DATA FOR THIS EXERCISE section start

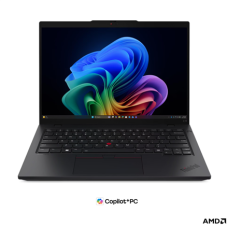 Lenovo ThinkPad L14 G7 AMD , Black , 14 , IPS , WUXGA , 1920 x 1200 pixels , Anti-glare , AMD Ryzen AI 7 , 445 , 24 GB , SODIMM DDR5 , Solid-state drive capacity 512 GB , AMD Radeon 840M Graphics , Windows 11 Pro , 802.11be , Bluetooth version 5.4 , 4G up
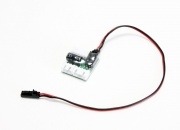 FatShark 2 to 4S Filtered power supply power adapter for TX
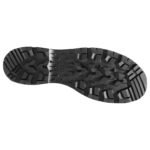 Haix-Sicherheitschuh-602018-Trekker-Mountain-braun-orange-S3-Ansicht-unten
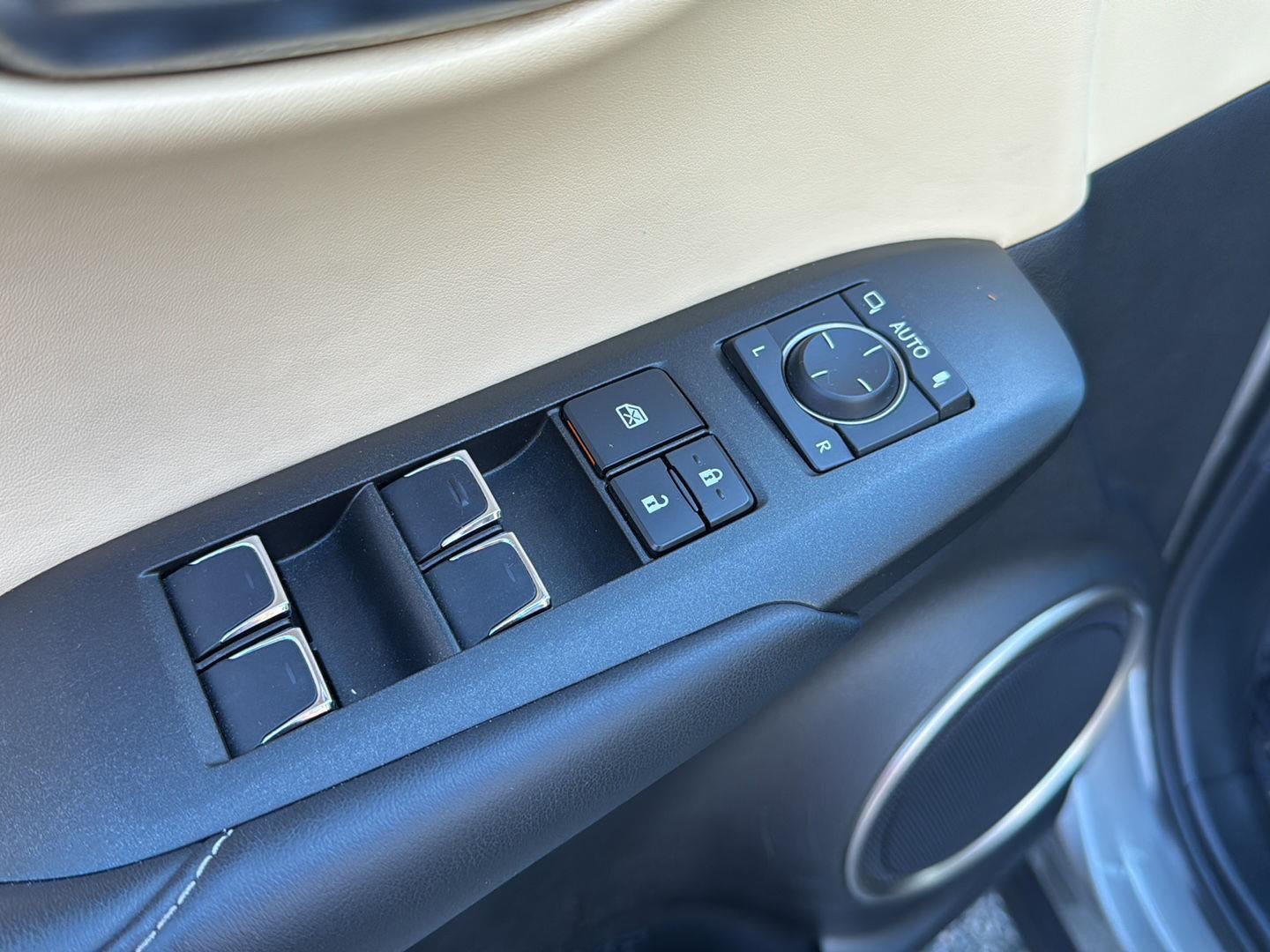 2020 Lexus NX NX 300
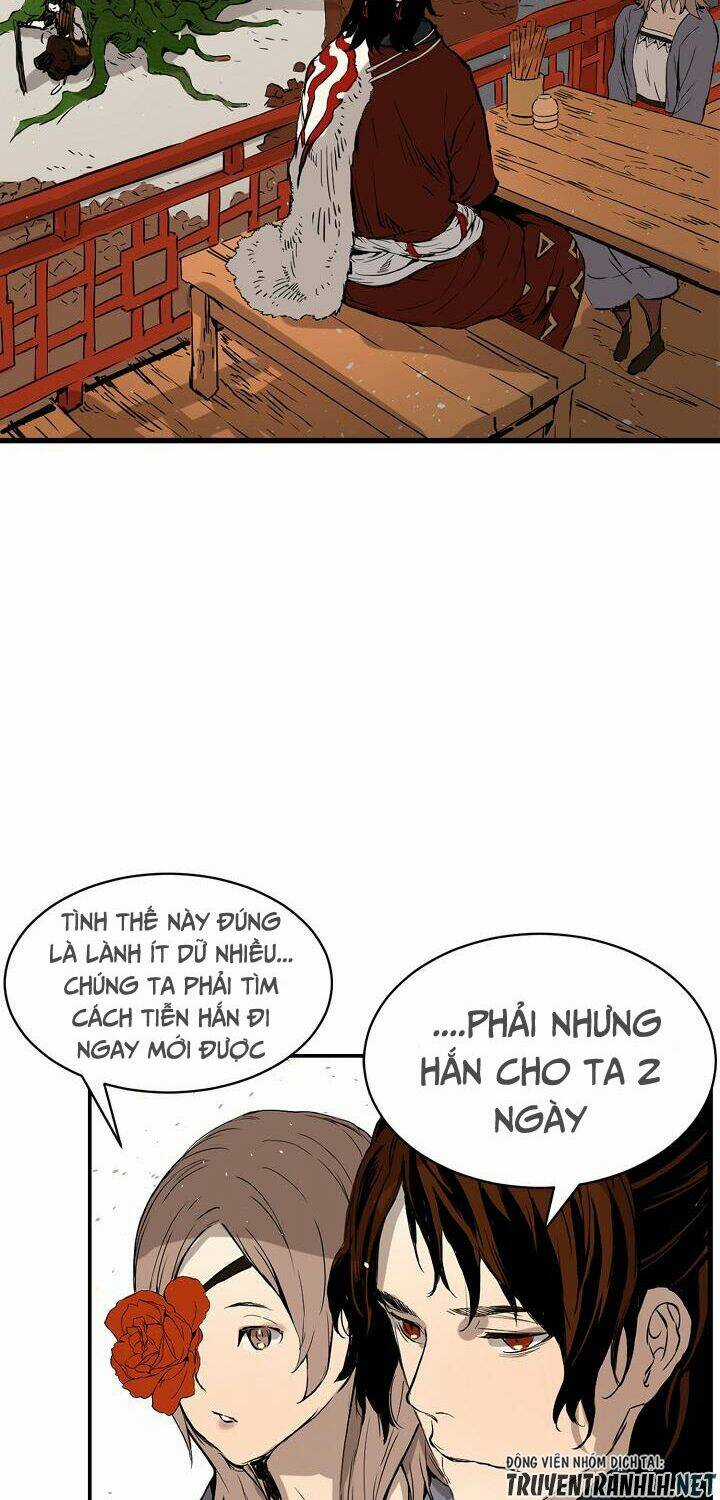 Vô Kiếm Tiểu Tử Chapter 18 trang 59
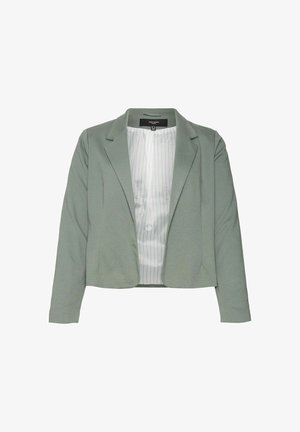 Vero Moda Curve VMCHARUKI  EXC CUR - Blazer - laurel wreath
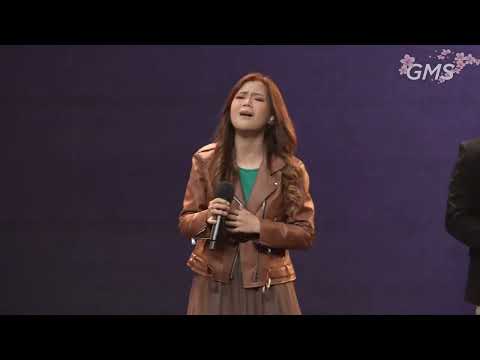 Mazmur 63 (Lebih Dari Hidup) - GMS Worship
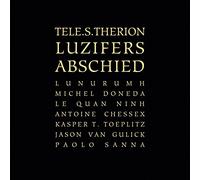 Tele.S.Therion - Luzifers Abschied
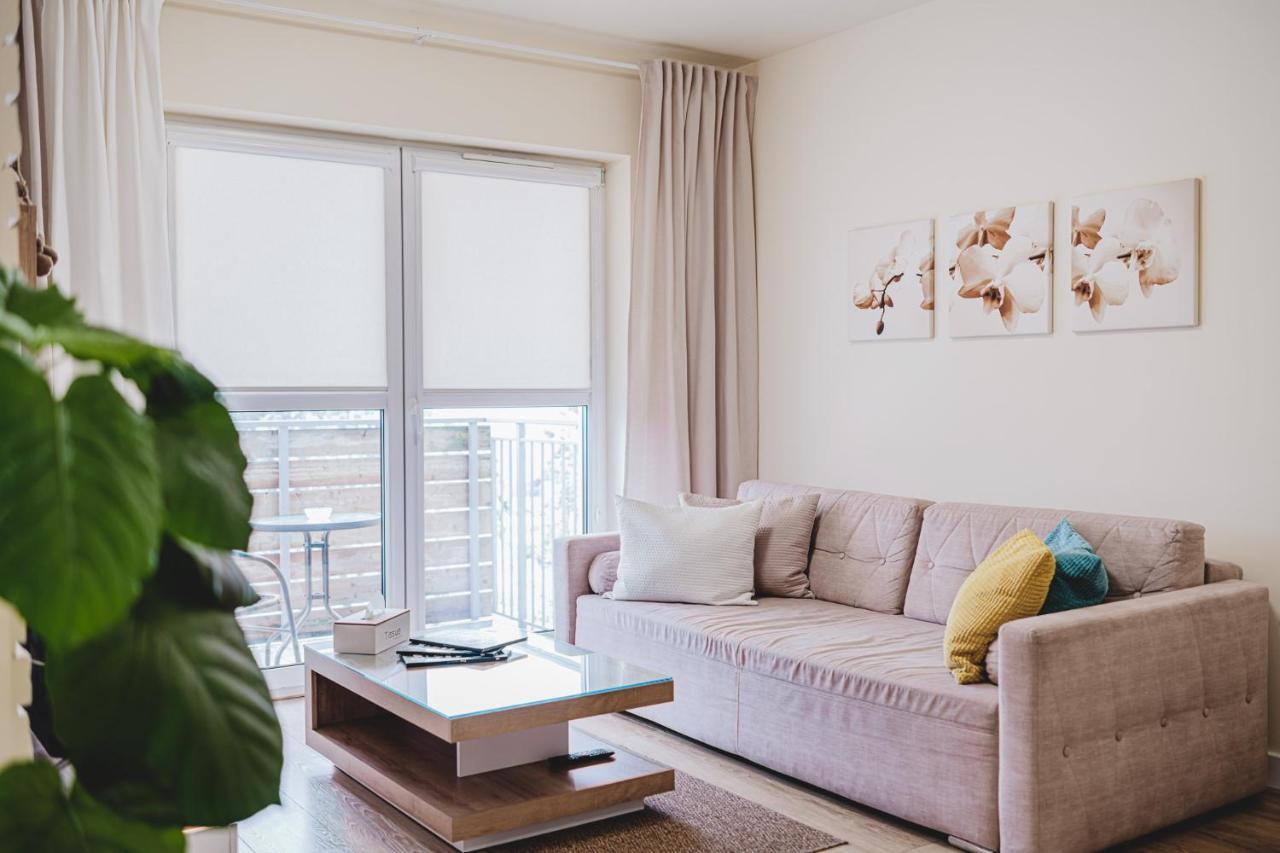 Apartament Niko Stary Toruń 외부 사진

DATA FOR THIS EXERCISE section end

== EXERCISE BRIEF ==
Reproduce every entry above exactly, and omit the pictures.

== RESULT BELOW ==
 Lenovo ThinkPad L14 G7 AMD , Black , 14 , IPS , WUXGA , 1920 x 1200 pixels , Anti-glare , AMD Ryzen AI 7 , 445 , 24 GB , SODIMM DDR5 , Solid-state drive capacity 512 GB , AMD Radeon 840M Graphics , Windows 11 Pro , 802.11be , Bluetooth version 5.4 , 4G up
 FatShark 2 to 4S Filtered power supply power adapter for TX
 Haix-Sicherheitschuh-602018-Trekker-Mountain-braun-orange-S3-Ansicht-unten
 2020 Lexus NX NX 300
 Vô Kiếm Tiểu Tử Chapter 18 trang 59
 Vero Moda Curve VMCHARUKI  EXC CUR - Blazer - laurel wreath
 Mazmur 63 (Lebih Dari Hidup) - GMS Worship
 Tele.S.Therion - Luzifers Abschied
 Apartament Niko Stary Toruń 외부 사진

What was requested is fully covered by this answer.